Dit Verdrag doet wat betreft de gebieden waarop het van toepassing is, de bepalingen uit bilaterale verdragen, conventies of overeenkomsten vervallen, die de uitlevering tussen twee Verdragsluitende Partijen regelen.
2.
De Verdragsluitende Partijen kunnen met elkaar slechts bilaterale of multilaterale overeenkomsten sluiten, wanneer deze er toe strekken de bepalingen van dit Verdrag aan te vullen of de toepassing van de daarin vervatte beginselen te vergemakkelijken.
3.
Wanneer de uitlevering tussen twee of meer Verdragsluitende Partijen plaatsvindt op grond van een eenvormige wet, zijn die Partijen bevoegd om hun betrekkingen op dit terrein te regelen uitsluitend op basis van dat stelsel, niettegenstaande de bepalingen van dit Verdrag.
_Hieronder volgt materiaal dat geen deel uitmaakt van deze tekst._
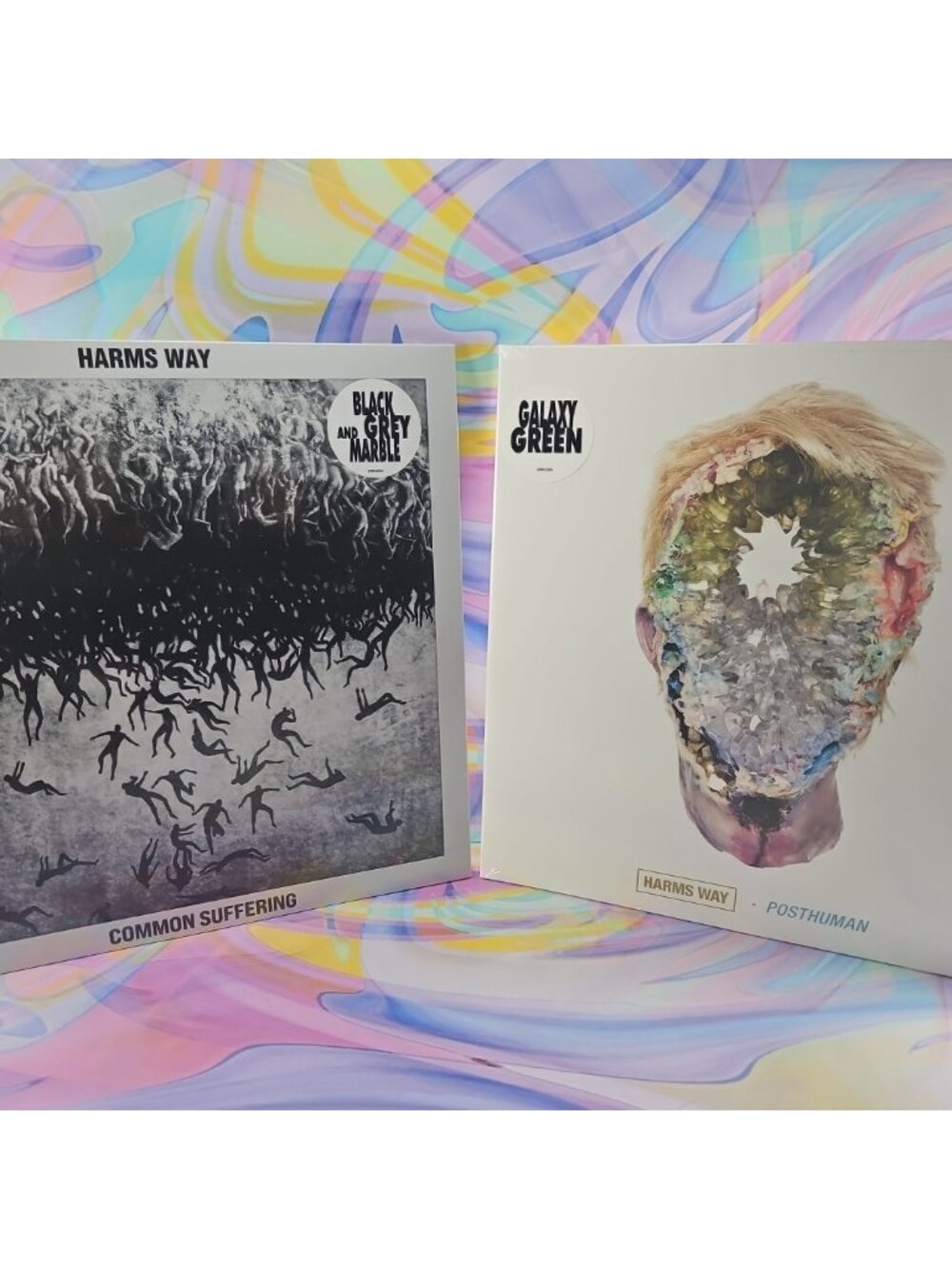 Lot of 2 Harms Way Records: Common Suffering (Black Gray Marbled), Posthuman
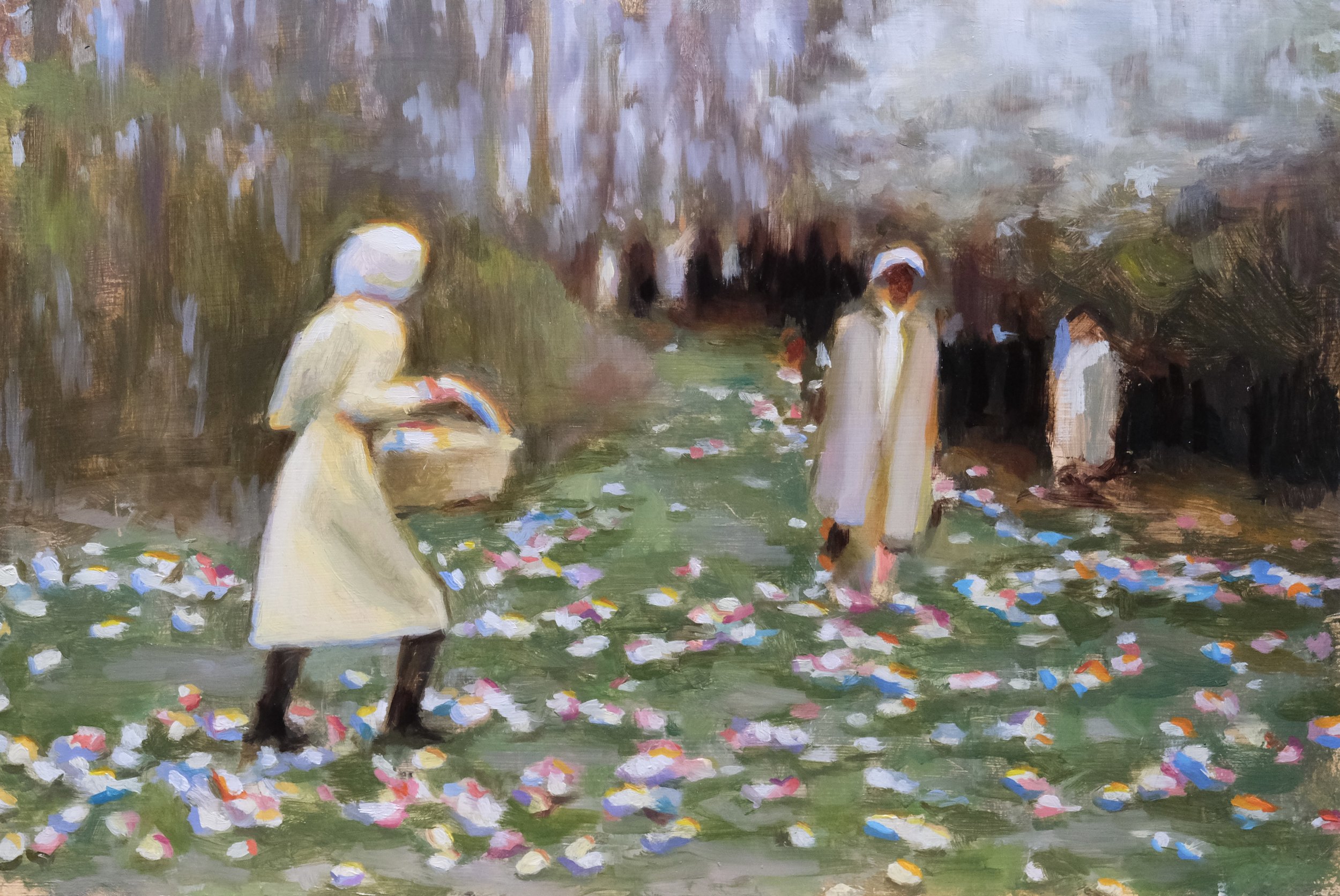 the egg hunt | oil on panel | 9 x 13 in | 23 x 33 cm | 2023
Hetzelfde geldt tussen twee of meer Verdragsluitende Partijen, indien bij elk van die Partijen een wet geldt die het mogelijk maakt op het grondgebied van die Partij bevelen tot vrijheidsbeneming ten uitvoer te leggen, die op het grondgebied van de andere Partij of de andere Partijen zijn gegeven. De Verdragsluitende Partijen die in hun betrekkingen de toepassing van dit Verdrag van het begin af aan of nadien uitsluiten overeenkomstig de bepalingen van dit lid, dienen ter zake een mededeling te richten tot de Secretaris-Generaal van de Raad van Europa. Deze stelt de andere Partijen in kennis van elke mededeling die hij krachtens dit lid heeft ontvangen.